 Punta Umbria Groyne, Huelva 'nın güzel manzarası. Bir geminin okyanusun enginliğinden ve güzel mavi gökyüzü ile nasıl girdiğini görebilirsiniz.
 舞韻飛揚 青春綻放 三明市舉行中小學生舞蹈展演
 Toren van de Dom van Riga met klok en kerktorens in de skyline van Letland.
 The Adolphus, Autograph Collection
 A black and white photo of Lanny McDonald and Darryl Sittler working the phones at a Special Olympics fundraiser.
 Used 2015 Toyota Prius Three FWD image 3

• Task goal: Please reproduce the material above exactly, line by line.

• Response area:
 Punta Umbria Groyne, Huelva 'nın güzel manzarası. Bir geminin okyanusun enginliğinden ve güzel mavi gökyüzü ile nasıl girdiğini görebilirsiniz.
 舞韻飛揚 青春綻放 三明市舉行中小學生舞蹈展演
 Toren van de Dom van Riga met klok en kerktorens in de skyline van Letland.
 The Adolphus, Autograph Collection
 A black and white photo of Lanny McDonald and Darryl Sittler working the phones at a Special Olympics fundraiser.
 Used 2015 Toyota Prius Three FWD image 3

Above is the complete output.